YARALARSAN, YEİSE DE KAPILIRSIN ZEHABA DA!
Dışarı çıkıyor ama sanki durağa yetişemeyecekmiş yeisine(umutsuzluk) kapılmış biri gibi, koşar adımlarla diğer kurbanlarına da erişmeyi, yaraladığı kişi sayısını çoğaltmayı ve daha çok kişiyi bıçakla zarar vermeyi amaçladığı izlenimi yaratıyor. İzlenim ayrıca, o bölgede görev yapan bir sivil polis memurunun veya bıçaklı yaralama olaylarına tanık olan silahlı bir şahsın, kendini vurabileceği zehabına da (gereksiz yere korkmak, kuruntuya kapılmak) kapılan suçlunun, kaçışa benzeyen hızlı adımlarla koşturur gibi yürüdüğünü de gösteriyor.
AYYY!..
Şimdi sizi küçük bir hayal kurmaya davet ediyorum.
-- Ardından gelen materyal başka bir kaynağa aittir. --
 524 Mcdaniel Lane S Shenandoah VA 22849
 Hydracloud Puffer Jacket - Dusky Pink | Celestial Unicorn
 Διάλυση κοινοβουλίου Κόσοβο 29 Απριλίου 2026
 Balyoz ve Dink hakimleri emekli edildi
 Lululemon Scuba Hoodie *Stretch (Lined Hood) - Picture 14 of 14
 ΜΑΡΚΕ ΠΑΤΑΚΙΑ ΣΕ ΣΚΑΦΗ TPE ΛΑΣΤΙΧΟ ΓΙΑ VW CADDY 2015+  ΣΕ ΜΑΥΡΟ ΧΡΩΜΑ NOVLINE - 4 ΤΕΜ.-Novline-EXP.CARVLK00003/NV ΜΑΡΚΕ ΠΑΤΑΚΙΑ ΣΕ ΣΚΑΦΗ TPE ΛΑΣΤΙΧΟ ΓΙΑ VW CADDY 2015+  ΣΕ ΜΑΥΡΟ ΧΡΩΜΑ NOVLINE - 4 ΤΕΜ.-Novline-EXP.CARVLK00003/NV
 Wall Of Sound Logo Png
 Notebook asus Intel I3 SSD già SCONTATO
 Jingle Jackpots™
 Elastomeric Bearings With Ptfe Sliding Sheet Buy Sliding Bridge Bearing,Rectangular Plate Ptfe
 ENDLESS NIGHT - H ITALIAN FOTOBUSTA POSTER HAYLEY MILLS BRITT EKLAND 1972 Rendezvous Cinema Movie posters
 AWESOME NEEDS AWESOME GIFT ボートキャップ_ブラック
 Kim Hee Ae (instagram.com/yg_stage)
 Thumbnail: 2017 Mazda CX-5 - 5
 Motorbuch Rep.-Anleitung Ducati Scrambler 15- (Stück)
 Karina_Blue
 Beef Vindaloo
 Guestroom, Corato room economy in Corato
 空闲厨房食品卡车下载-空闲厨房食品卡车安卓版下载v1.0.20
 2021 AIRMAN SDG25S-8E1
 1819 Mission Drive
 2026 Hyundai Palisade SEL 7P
Bir an düşününüz! Kaldırımda, eşinizle birlikte vitrinleri seyrederek yavaş adımlarla yürüyorsunuz. Her şeyden habersiz, kendi Dünya'nızda alışverişle ilgili düşüncelerinizi aklınıza getirip, vereceğiniz kararı ve cüzdanınızdaki nakit TL.'nin miktarını, hesaplıyorsunuz. Bu arada önünüzdeki orta yaş gurubundan çift'te, aynen sizin gibi vitrinlere bakarak, bir seçim yapmaya çalışırken, bayanın bir an'da "Ayyy!.." çığlığı ile yere yığıldığı, bu arada, bıçağı eşinin bacağına saplayıp kaçan adamın peşine düştüğünü, kaldırımdaki insan kalabalığının bazıları sağa sola dağılarak, bazılarının da yardım amaçlı çabalarını izliyorsunuz. Ama bu arada süratle olay mahallinden uzaklaşmak üzere, biraz ötede taksi çevirmeye çalışıyorsunuz. Korku dağları sarmış bu nedenle haklı bir telaş içindesiniz! Kısa süre sonra, polis ve ambulans, olay yerine geliyor ve yaralı hanımı, hastaneye götürüyor. Polis ve ambulans gelmeden önce yaralı kadına, birkaç kişi, kanı durdurmak için tampon yapmaya çalışıyor. İşte o evrede polis ve ambulansın beklenmesinden başka, yapılabilecek hiçbir şeyin olmadığı ortaya çıkıyor!
TANRIM AİLEMİ VE ANAMI BABAMI ŞER'DEN KORU
Dolayısı ile Tanrı'ya; tehlikeli kişilerden, kötü olaylardan, bedenimizin ölümcül noktalarına isabet ettirilecek, kesici alet darbeleri ve ateşli silah mermisinden, aile bütünlüğümüzü koruması dileğini yakararak iletiyorsunuz. Moral olarak bir nebze rahatlıyor kendinize geliyorsunuz. Bu arada hızlı adımlarla yürürken, aklınıza "ya!.." diye başlayan kötü sonuç tahminlerini getiriyor, bu vesileyle; sağlıklı, dikkatli, özenli ve kurallara saygılı yaşamın önemini daha iyi kavrıyorsunuz.
OOOH BE, ELİNE SAĞLIK SAYIN BAKAN!
Bu paragrafta, İçişleri Sayın Bakanını, tebrik ederek alkışlıyorum. Çünkü devlet terbiyesi almış bir İçişleri bürokratı, koltuğuna oturduğu bakanlığın sorumluluklarını, ekranlarda da görüldüğü gibi baskın atma yöntemi ile işte öyle yönetir. Sabahın ezan vakti sokakları şer'den işte öyle temizler, yurttaşımızı huzura kavuşturacak yasaları öyle uygular ve gecelerin sessizliğini, huzurunu bozanları bulundukları yerden öyle alır. Güvenli yaşama ve huzura kavuşan milyonlarca yurttaş, sonuç itibariyle asayiş uygulamaları için: "Oooh be! Eline sağlık, Sayın Bakan!" deyip, mutluluk ve sevinçle tebessüm eder.